We love to discuss the democratic apparatus within modern political parties, and are quick to criticise political parties when democratic deficits are perceived. This has been one of the biggest criticisms of the ALP in recent years; many opinion writers and journalists have been quick to investigate and point out the fatal lack of democracy within some parts of the party. It is this push that led Kevin Rudd to implement a range of party reforms last year, including a member vote for the leadership last year.

Other parties also expect this investigation. The opening of the Greens national conferences and councils has been a constant speculation for the media. Many have been quick to claim hypocrisy from the party that demands open and accountable Government. Many journalists have also been quick to criticise Tony Abbott as being authoritarian in Government, with significant power centered at the top, and in particular within the office of his chief of staff.

These criticisms are fair. Democracy and accountability are essential in political parties, particularly if we expect these parties to safeguard our national democracy. And all our major parties have some way to improve in their democratic practices.

Yet, when we see the way the media reacts to genuine events of democracy in political parties, you can see why parties shy away from it.

Just look at the recent debate about SPC. For me that is the sign of a strong democracy within a political party – the Cabinet made a decision and MPs who disagreed with it have had the right to speak out about it. And yes, the debate is a story – in particular the accusations of lying. That is a relatively big deal. But in making those accusation – in calling out what she believes to be wrong – Sharman Stone has actively extended the debate, clearly both within the broader public and within the Liberals. That is an important thing.

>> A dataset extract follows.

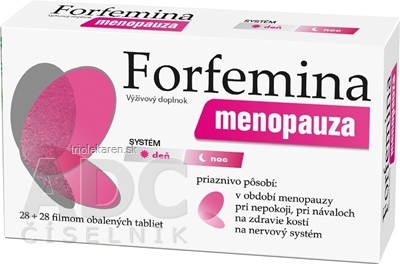 FORFEMINA Menopauza tablety 56 ks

But, despite the desire for democracy in our political parties, much of the commentary around Stone’s comments have had the tone of a ‘split’ within the Government. It even got to the point where yesterday on Twitter people were starting the fun old game of talking about a potential spill for the Liberal leadership. Many are also speculating that Stone will soon leave the party. One public disagreement and everything blows up.

It’s a common theme. For four years, any level of disquiet, questioning or debate within the ALP led to a barrage of stories about splits in the party and questioning about their leadership. Stories such as the ALP Cabinet moving against Julia Gillard’s position on Israel opened up many questions about the stability of her leadership. Even just people having meetings can create stories. A couple of years ago, The Daily Telegraph ran a story reporting on a ‘secret meeting’ of the young Greens, with minutes ‘catching the party out’ in trying to use the issue of asylum seekers to recruit new members. Apparently an open and frank discussion about policies, member outreach and party procedures within a party meeting was considered a major scandal for the paper.

We want democracy within our parties, but if it happens, we turn it into a scandal – a lack of unity, a leadership spill, a disquiet in the ranks.

When we look at it this way, it is very easy to see why so many are so concerned within political parties about showing any form of internal disagreement publicly. As the former Convenor of the ACT Greens for example I remember stressing heavily about how my words would reflect on the party. The one time I did contradict party policy it led to an attack piece in the Australian. This sort of reality plays out a lot – everyone acknowledges the need for democracy, but any time it is shown, at least publicly, many in the media are quick to turn it into a scandal.

Democracy, transparency and accountability within political parties is essential. We need to have democratic and open parties in order for our own democracy to survive. Unfortunately it seems as though many in our media are simply not capable of dealing with the debates and difficulties of democracy within our political parties. Over-excited claims of splits, fights and divisions are too common within our media. If journalists and opinion writers genuinely want to see the nitty gritty of political democracy, it is about time they learnt to deal with the realities of how it works.